3. The Powerhouse Museum will be closed for up to three years.[7]
Broken promise; the budget papers show completion of the ‘Ultimo Powerhouse Museum’ in ten years’ time in 2033.[8] Arts Minister John Graham said the building and conservation works are expected to take three years… the museum may not reopen until 2027.[9] This is not credible. The building works are less than half funded in the next four years, see above. There is no museum plan and no plan for renewal of the exhibitions – if that is even intended. Labor is rushing to close the PHM for what might be ten years on the basis of a single media release and a few concept images, while everyone is on holidays, and before any plans are lodged or approved, let alone consultation. This is a deeply cynical action. Once the plans are on exhibition objections will be futile because the museum will already be closed and its collections and major exhibitions removed, once and for all.
4. We promised at the election that we would ….preserve the Wran legacy.[10]
A broken promise; the Wran legacy is embodied in the whole Powerhouse Museum, not just the fabric of the Wran building. Every aspect of the legacy of the Wran government will be undone when the PHM closes: its unique purpose, staffing, budget, facilities, functions, design, exhibition installations and ways of working with collections. The museum’s iconic power, transport and engineering collections, which are central to the meaning and identity of the Powerhouse Museum, will be evicted from their purposed designed exhibition galleries. When the building works are finished only three large objects will be returned.

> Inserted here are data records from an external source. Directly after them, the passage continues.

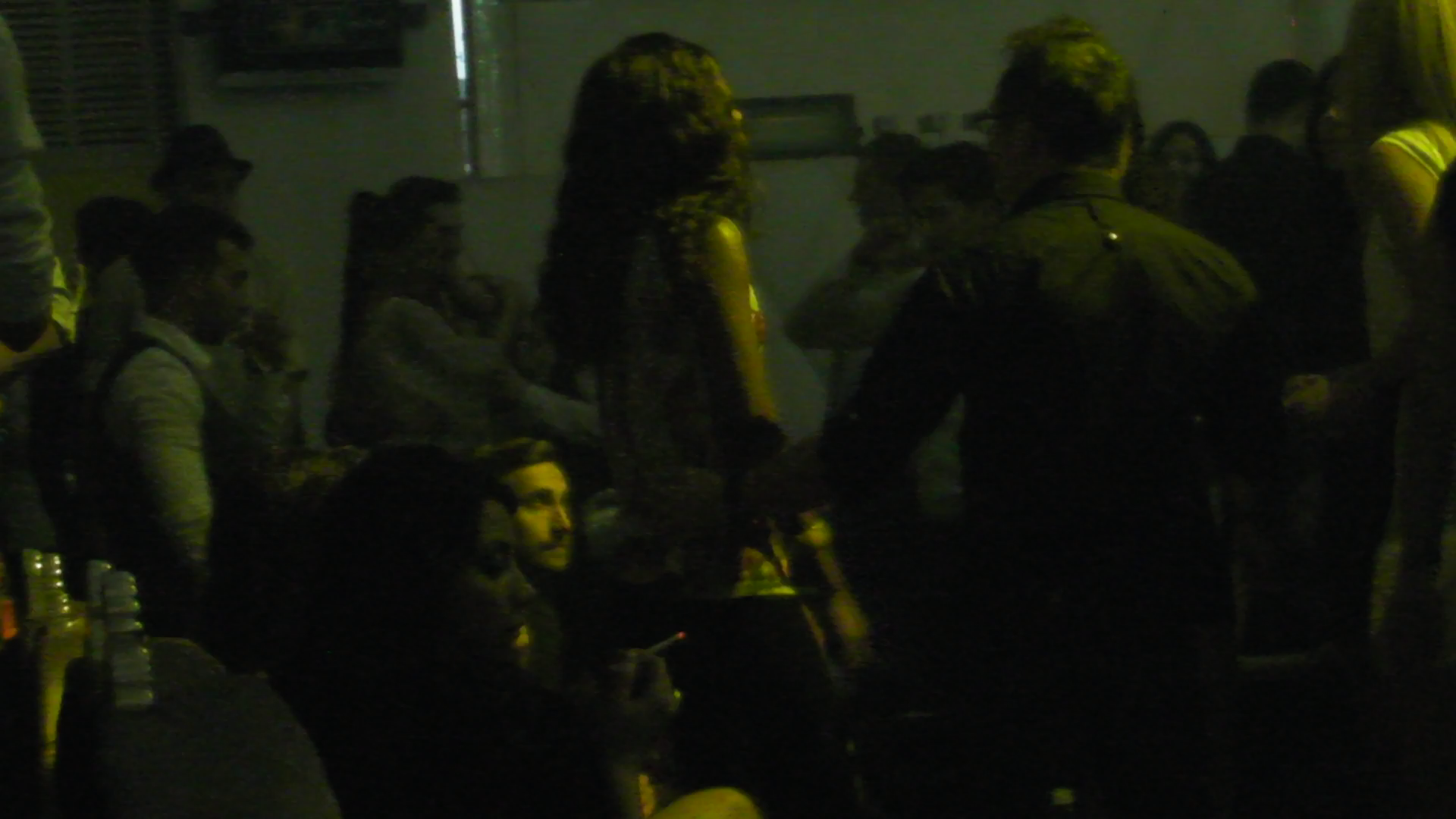 In timp ce domnisoara se misca provocator, prezentatorul TV o fixa cu privirea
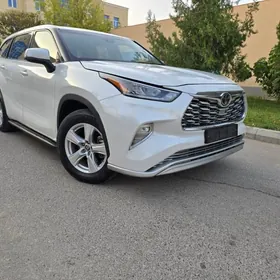 Toyota Highlander 2020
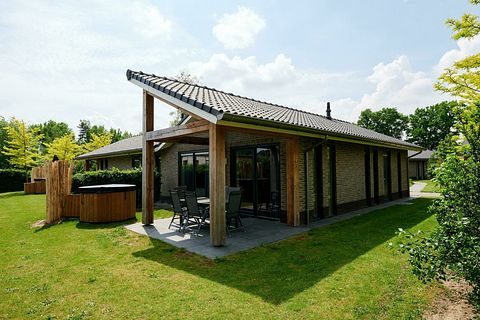 Ferienhaus mit eigenem Jacuzzi (4 Personen) - 2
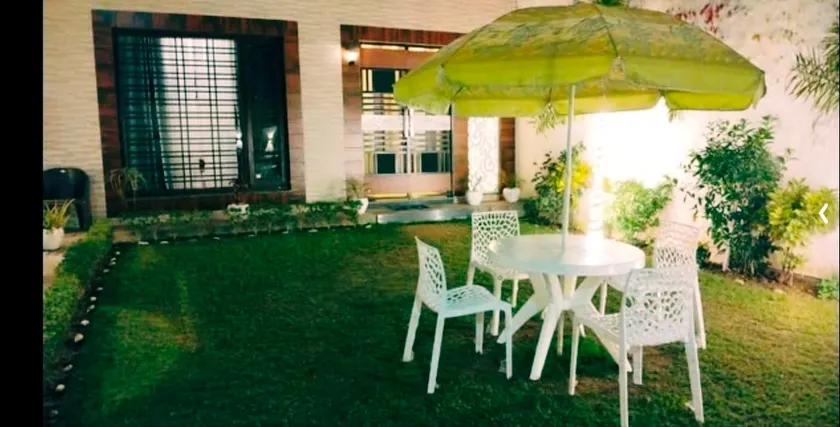 LAWN VIEW HOMESTAY - Image 1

The museum’s co-located collection and workshop facilities in the Harwood building, the former tram depot, are being decommissioned and turned over to use by artists, creatives, businesses and industry development bodies. Ultimately it will be a development opportunity. This will forever degrade the visionary legacy of the Wran government, and the capacity and functionality of the PHM. Labor is pushing ahead with LNP’s asset stripping scheme to defund and downsize a Sulman award winning museum endowed with state-of- the-art collection and education facilities, 20,000m2 of dedicated exhibition galleries, 17,377m2 of purpose designed collection, conservation, research and workshops the Harwood building, and a total floor area of 42,594m2.[11] No wonder the property opportunists and museum-wreckers think this endowment is wasted on the ordinary punters interested in the museum’s exhibitions of transport, engineering, industry and everyday life. The Wran building, one of the world’s great museum atriums, will be repurposed and hidden behind a mediocre brick façade as if it is an embarrassing memory of its former glory. Retaining the shell of the Wran building while every other facet of the Wran government’s vision and endowment of the Powerhouse Museum is undone is not preserving the Wran legacy or the Powerhouse Museum.
5. A NSW Labor government will release key details of the plans for the Ultimo and Parramatta sites that until now have been kept secret.[12]
Broken promises: Labor has not released any information about the plans for Parramatta or Ultimo. Not one page. There are no design briefs, no business cases, no exhibition plans. There is no master plan for the PHM site, no credible conservation plan, no exhibition renewal plan, and no museum plan for either site. The only plan is to defund and close the museum and remove all the collections and staff from the PHM. In April 2023 the Minister said I have asked for advice as to what documents can be released publicly,…I have said all along that we will be transparent with regards to the Powerhouse Ultimo Renewal.[13] Another broken promise. Instead of the promised transparency Labor has maintained the LNP’s iron curtain of secrecy. The plans for the future of a 143 year old museum, endowed by generations of taxpayers and donors are being hidden from the public. This secrecy is outrageous and unprecedented in museum development projects anywhere in Australia or the civilised world.
6. We want a museum … which builds on its traditional focus on science, engineering, transport, the technical arts and education.[14]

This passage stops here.